Você vê Alice sempre pelas costas (com movimentos de câmera um pouco bruscos demais) e cada cenário tem uma boa mistura de plataforma, exploração e combate, com mais ênfase nos dois primeiros do que no último. E mesmo para mim, que sou notoriamente terrível em pulos de jogos tridimensionais, essa navegação foi bastante suave. Principalmente porque desde o início você já pode planar e dar quantos pulos adicionais quiser enquanto está no ar. Sem aquela história de precisar destravar as habilidades.
Distúrbio psicológico
O mais impressionante da demonstração, porém, é como o combates funcionam bem. Enfrentar as criaturas deformadas do País das Maravilhas exige o uso inteligente de todos os recursos que você tem. No meu caso, a Lâmina Vorpal, a metralhadora de pimenta, um guarda-chuva-escudo e uma esquiva, que deixa a heroína invencível por alguns instantes.
Os inimigos mais simples caem com combos simples da espada, mas mesmo assim é preciso ficar esperto para não levar um contra-ataque. Já contra as chaleiras mecânicas do Chapeleiro Louco é preciso primeiro usar as pimentas para atordoá-las e depois furar seus olhos com a ponta afiada da adaga. As batalhas são interessantes, variadas, têm a duração certa e conseguem ser simples mesmo assim.
A energia de Alice é medida por pétalas de flores. Quando chega a última delas, a menina entra em frenesi: a tela fica toda branca e vermelha, sua força aumenta e cada inimigo morto recupera uma casa da barra de vida. Um sistema bom para os desesperados mas que, acima de tudo, contribuiu para o clima e o estilo do jogo.
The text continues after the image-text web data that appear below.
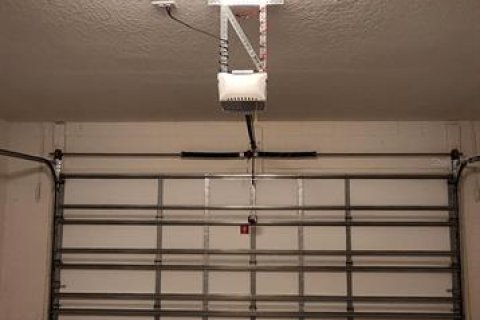 House in Eustis, Florida 4 bedrooms, 237.83 sq.m. № 1907961 - photo 15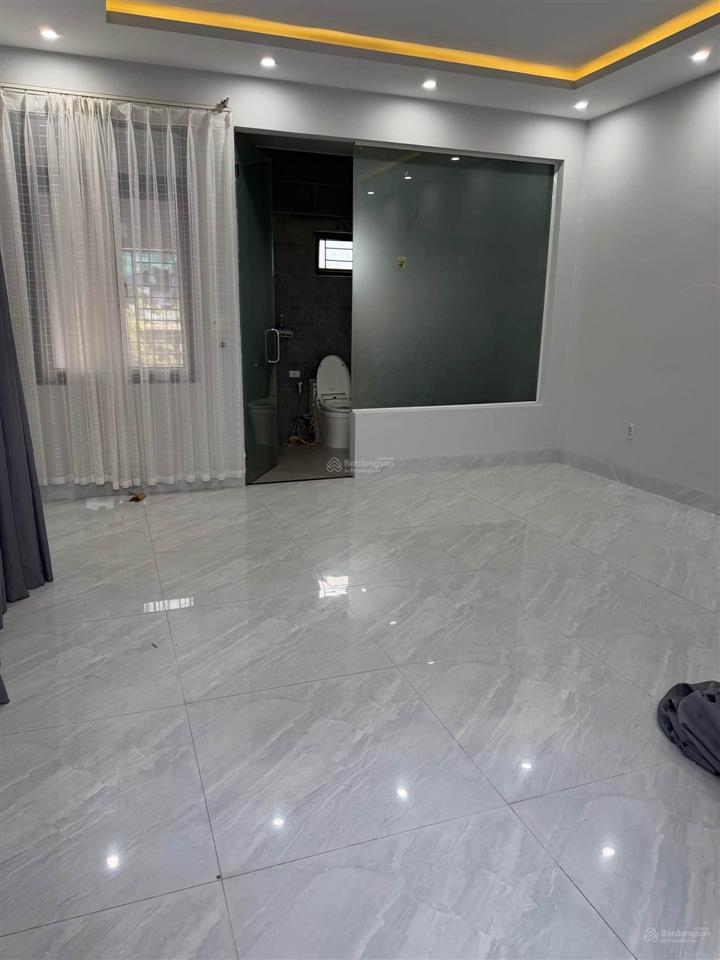 Bán nhà mt 230m2 đường cmt8 đà nẵng giá chỉ 19 tỷ dòng tiền thu về cực tốt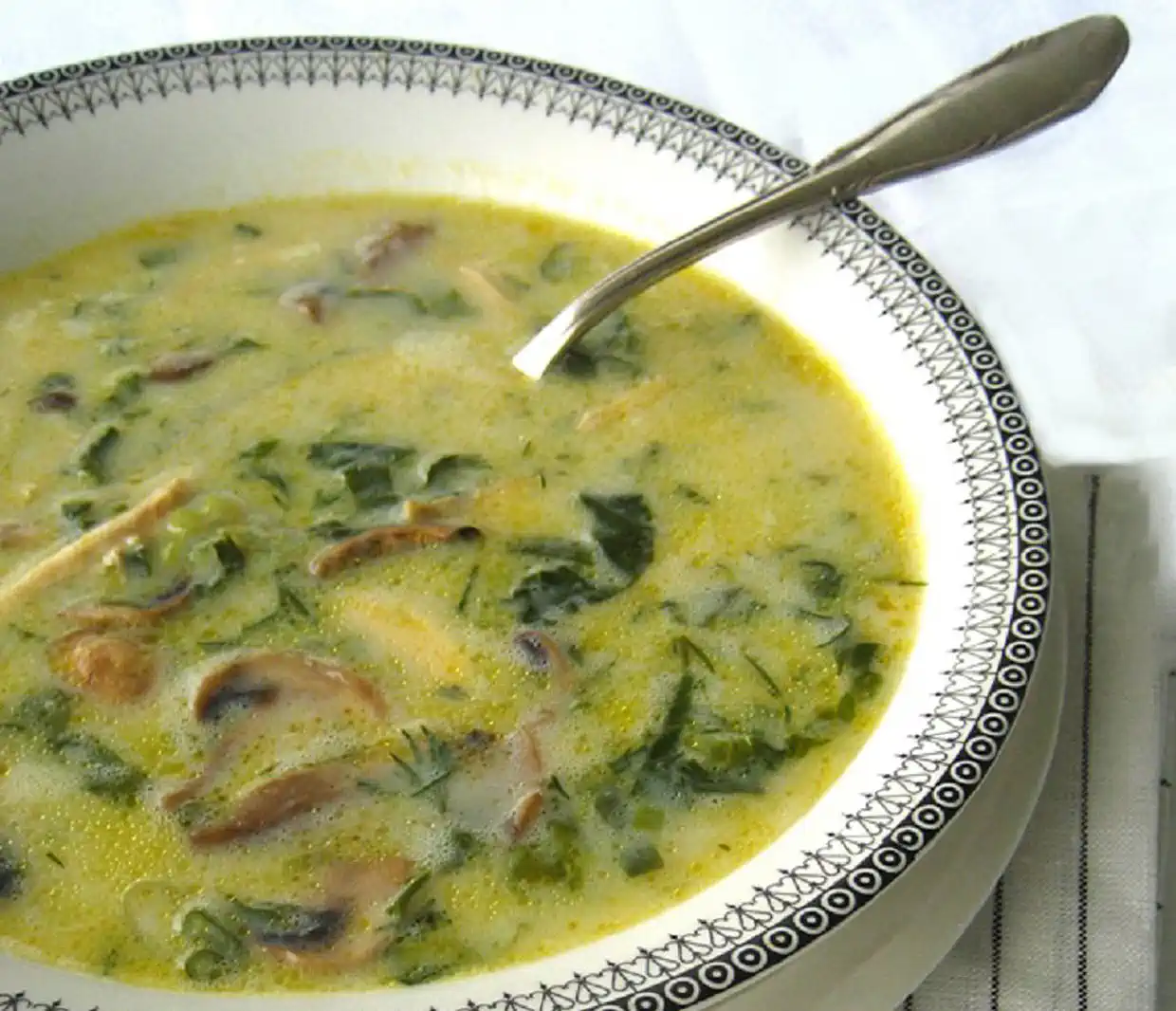 Τι θα φάμε σήμερα: Νηστίσιμη αγιορείτικη σούπα με μανιτάρια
Outro poder, obtido logo no começo da aventura, é o de encolher. Ficar pequeno é bom para entrar em passagens estreitas, como você imagina. Mas algo a mais acontece: enquanto soluça e solta bolhinhas pela boca, Alice tem seus sentidos aguçados quando está sob o efeito da poção. O mundo muda de cor e é possível ver caminhos escondidos, marcações que mostram para onde ir e outros segredos.
Tanto os inimigos quanto os objetos quebráveis nos cenários rendem dentes, a “moeda” do jogo. Eles podem ser oferecidos à caveira que adorna o laço do vestido da menina assassina para fortalecer suas armas. Mas diferente da maioria dos games atuais, esses power-ups são um tanto quanto caros: pegando tudo o que tem pela frente, só consegui ganhar um nível adicional da Lâmina Vorpal, e com algum sofrimento.
Mesmo com pouco tempo para explorar o País das Maravilhas, Madness Returns já se provou um game interessante para quem procura algo diferente em meio aos guerreiros carrancudos e histórias manjadas.